The staff of the Committee on Open Government is authorized to issue advisory opinions.
The ensuing staff advisory opinion is based solely upon the information presented in your
correspondence, unless otherwise indicated.

Dear Ms. Cwiklinski:

Your letter of April 18 addressed to Governor Pataki has been forwarded to the
Committee on Open Government. The Committee, a unit of the Department of State, is
authorized to offer guidance concerning public access to records, primarily under the
State's Freedom of Information Law.

You expressed concern that the Steuben County Clerk "is taking it upon herself to try
and make un-available certain public records, and has threatened confiscating certain
holdings of the Steuben County Historical Society." To learn more of the matter, I have
spoken with a number of present and former County officials, and copies of this response
will be forwarded to them in an effort to enhance understanding of and compliance with
law.

First, although the Freedom of Information Law pertains generally to access to
government records and the fees that may be charged for copies of records, provisions of
the Public Health Law deal specifically with birth and death records and fees for services
rendered relating to searches for and copies of those records; the Domestic Relations Law
includes provisions pertaining to marriage records. In brief, º4173 of the Public Health
Law permits the disclosure of birth records by a registrar only upon issuance of a court
order, or to the subject of the birth record or the parent or other lawful representative of a
minor. Similarly, º4174 of the Public Health Law limits the circumstances under which the
Commissioner of the Department of Health or registrars of vital records may disclose
death records and specifies that those records are not subject to the Freedom of
Information Law. As such, birth and death records are generally confidential and exempt
from the disclosure requirements found in the Freedom of Information Law. Section 19 of
the Domestic Relations Law pertains to marriage records maintained by town and city
clerks and provides that some aspects of those records are available to the public, while
others may be withheld unless there is a showing of a "proper purpose" that would justify
disclosure.

Second, in general, registrars of vital records are officials of cities, towns and villages
designated by the governing bodies of those municipalities. Unless there is special
authorization conferred by º4120 of the Public Health Law, neither a county nor a county
clerk performs a legal function in relation to the maintenance of or access to vital records.

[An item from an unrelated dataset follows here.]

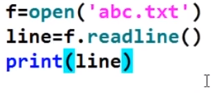 Output of readline() showing trailing newline character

Third, the Public Health Law includes provisions that deal directly with genealogical
records. Specifically, subdivision (3) of º4174 refers to searches for and the fees for
records sought for genealogical or research purposes that may be imposed by "any person
authorized" by the State Commissioner of Health, i.e., a registrar designated in a city,
town or village. That provision states that:

"For any search of the files and records conducted for authorized
genealogical or research purposes, the commissioner or any person
authorized by him shall be entitled to, and the applicant shall pay, a fee
of ten dollars for each hour or fractional part of an hour of time for
search, together with a fee of one dollar for each uncertified copy or
abstract of such records requested by the applicant or for a
certification that a search discloses no record."

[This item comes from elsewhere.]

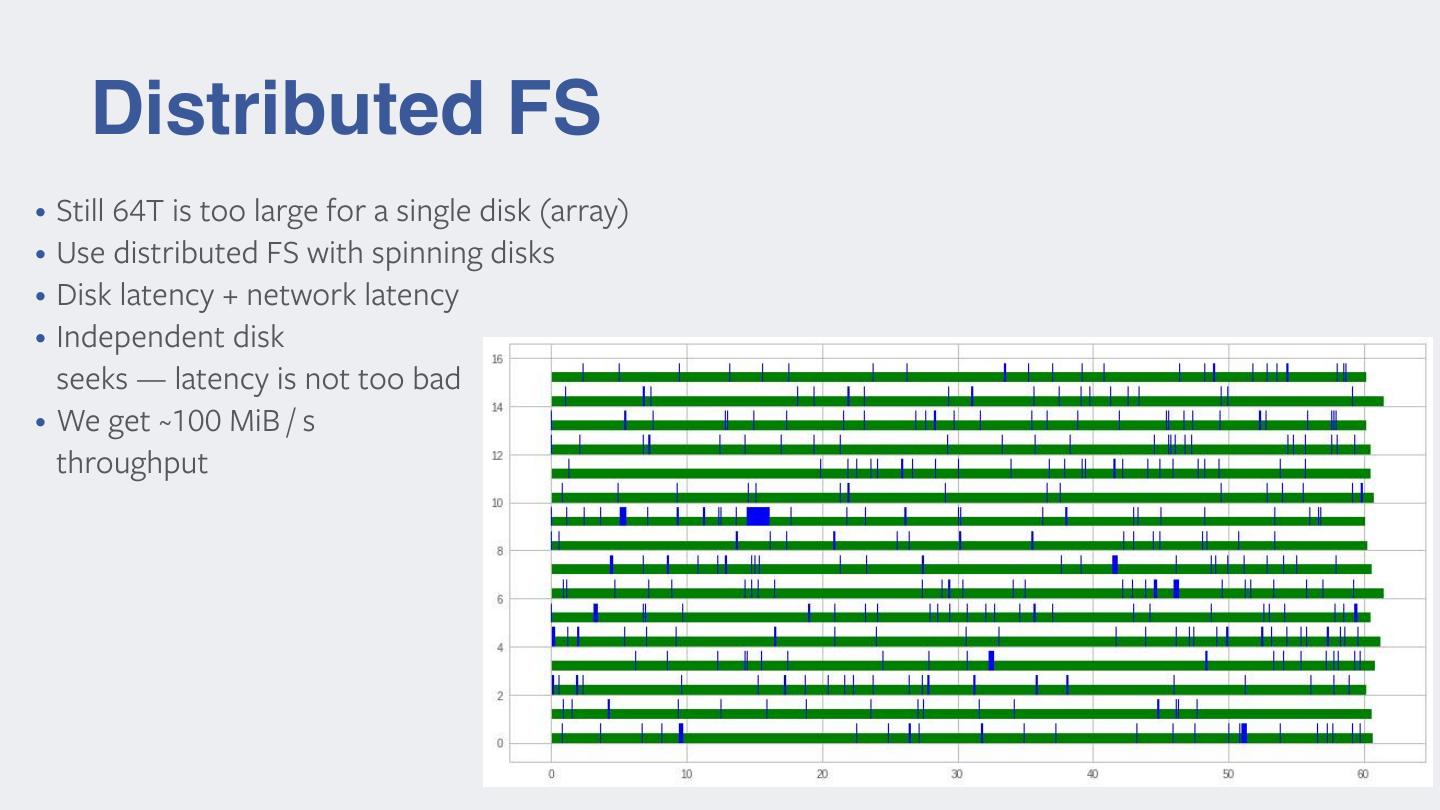 Milvus Community Conf 2020_Facebook AI ResearchAn Introduction to Faiss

Further, the Commissioner of Health has promulgated "Administrative Rules and
Regulations" pertaining to genealogical research, and enclosed is a summary of those
provisions that have been obtained on your behalf.

According to the summary received from the Department of Health, birth records need
not be disclosed unless the subject of the birth record is known to have been deceased
prior to 1924; death records need not be disclosed regarding deaths occurring after 1949.
The summary also includes a restriction regarding the disclosure of marriage records.
However, in an opinion recently rendered by this office with which the Department of
Health has agreed, it was advised that basic information contained in marriage records,
such as the names of the parties, the dates of a marriage or marriage application, the
duration of the marriage and the municipality of residence of licensees should be made
available to any person, unless a request is made for commercial or fund-raising purposes.
More intimate information would only be disclosed upon a showing of a "proper purpose."

It is my understanding that a former County Clerk or Historian acquired copies of vital
records from the municipal registrars in the County and developed an index to the records
in order to facilitate access by genealogists and perhaps others. The records were stored
in the office of the County Clerk because the County Historian did not have an office or
building in which they could be stored. When a facility was made available to the County
Historian approximately nine years ago, the records were moved from the office of the
County Clerk to the new facility.

It is emphasized that there was never any legal obligation on the part of the County
Clerk to acquire or maintain the records; they were merely stored in that office for
purposes of convenience.

Having discussed the matter with the current County Clerk, Ms. Judith Hunter, she
indicated that the County has only death and marriage records. As stated earlier, some
elements of the marriage records are generally public; it was suggested to her that other
aspects of those records, such as the ages of license applicants, the names of their parents,
and similar personal information be deleted prior to disclosure, unless a proper purpose
has been demonstrated. With regard to death records, it is my understanding that some
are copies of records transmitted by local registrars to the County; others are derived from
public sources, such as published obituaries, headstones, and the like. Insofar as it can be
ascertained that death related items were obtained from public sources, I believe that those
items would be available to the public. Similarly, to the extent that it is known which
references to deaths were derived from official death records less than fifty years old,
based on provisions of the Public Health Law and Administrative Rules and Regulations
cited earlier, those records should in my view be kept confidential or deleted from the
database. If it cannot be determined whether references to deaths were derived from
public sources as opposed to confidential records, to ensure that confidentiality laws are
not breached, I believe that such references regarding deaths occurring less than fifty years
ago should be considered confidential. Further, to ensure compliance with confidentiality
statutes, it was suggested to the Clerk that the County acquire items regarding deaths
occurring within fifty years only from public sources.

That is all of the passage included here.